● **Work task**
Take the lines from the one containing "Daisy Bouquet by Joannie Houle - Galaxy S9" through the final line below and restate them exactly. Omit the pictures.

*** Opening Information shown ***

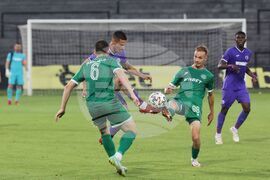 Футбол - бараж - Ботев (Враца) - Етър (Велико Търново)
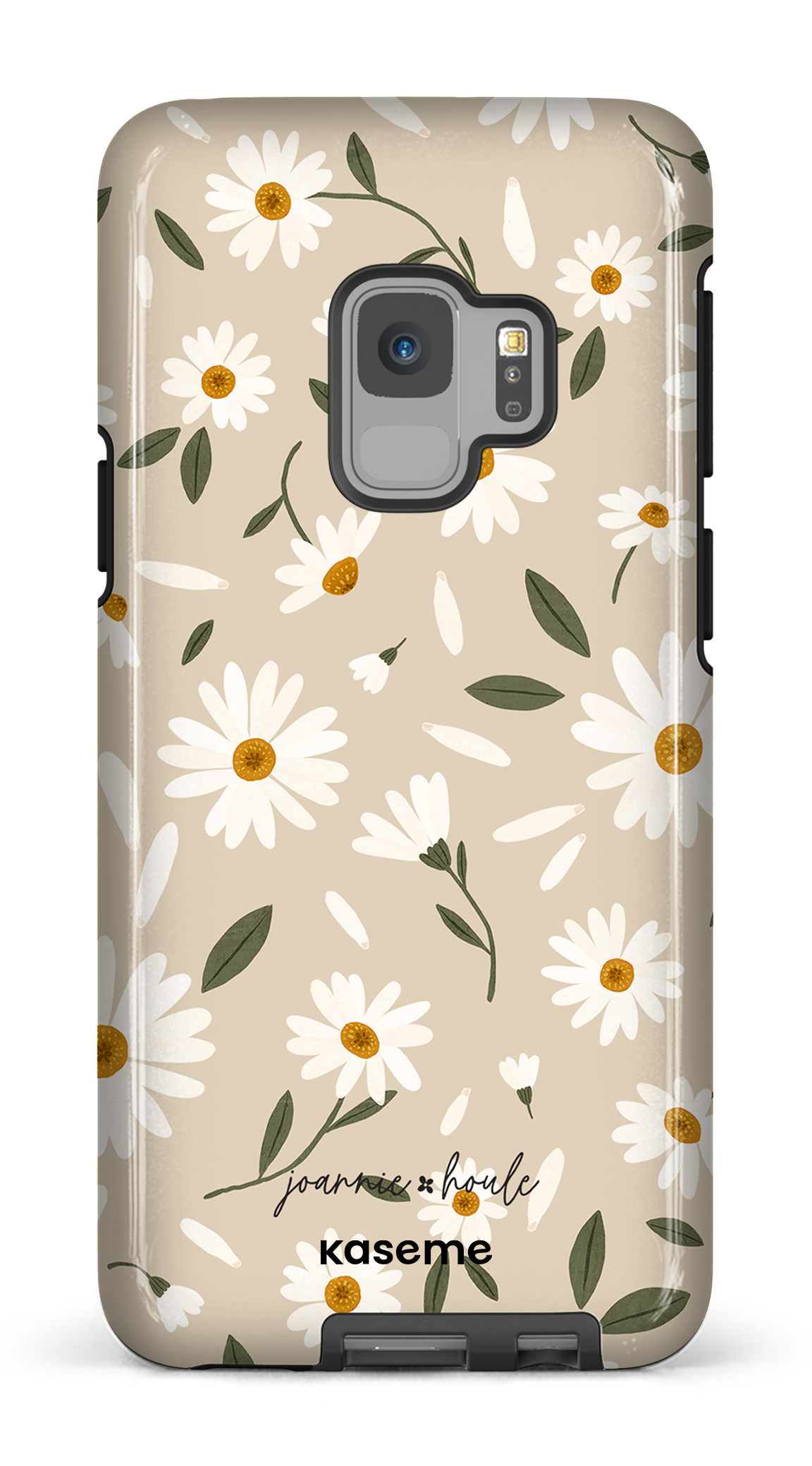 Daisy Bouquet by Joannie Houle - Galaxy S9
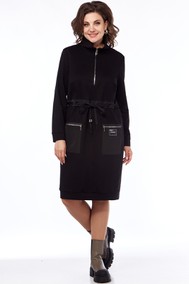 Модель 3.1669 черный Matini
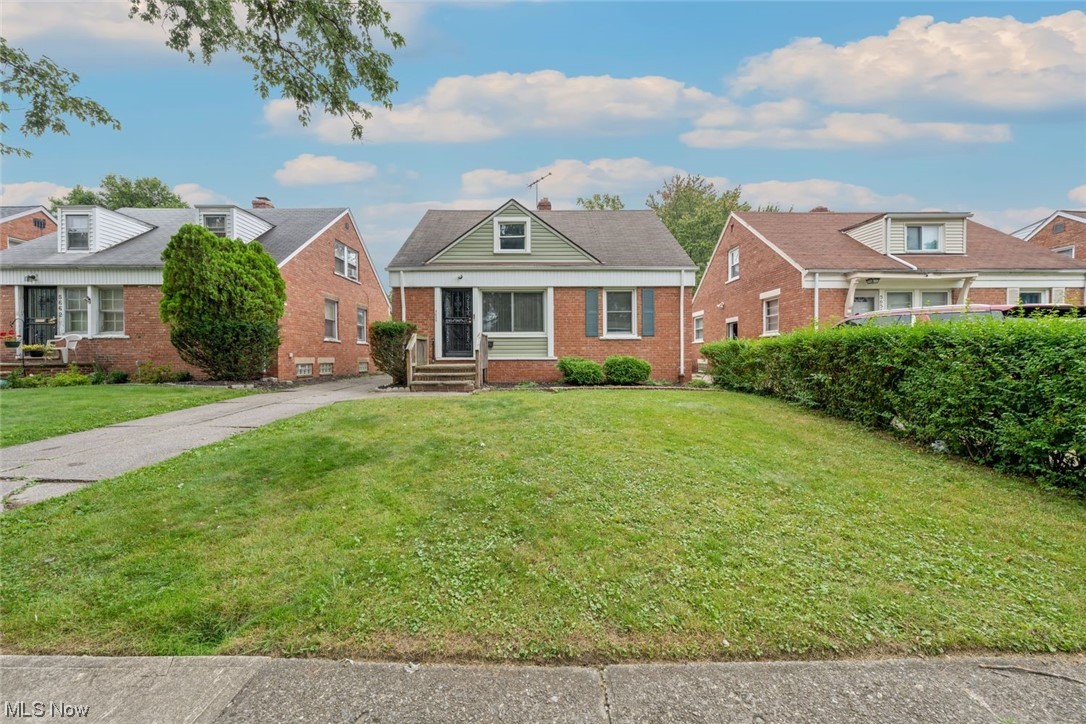 Maple Heights 04 - Residential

*** Closing Information shown ***

● **Expected output**
 Daisy Bouquet by Joannie Houle - Galaxy S9
 Модель 3.1669 черный Matini
 Maple Heights 04 - Residential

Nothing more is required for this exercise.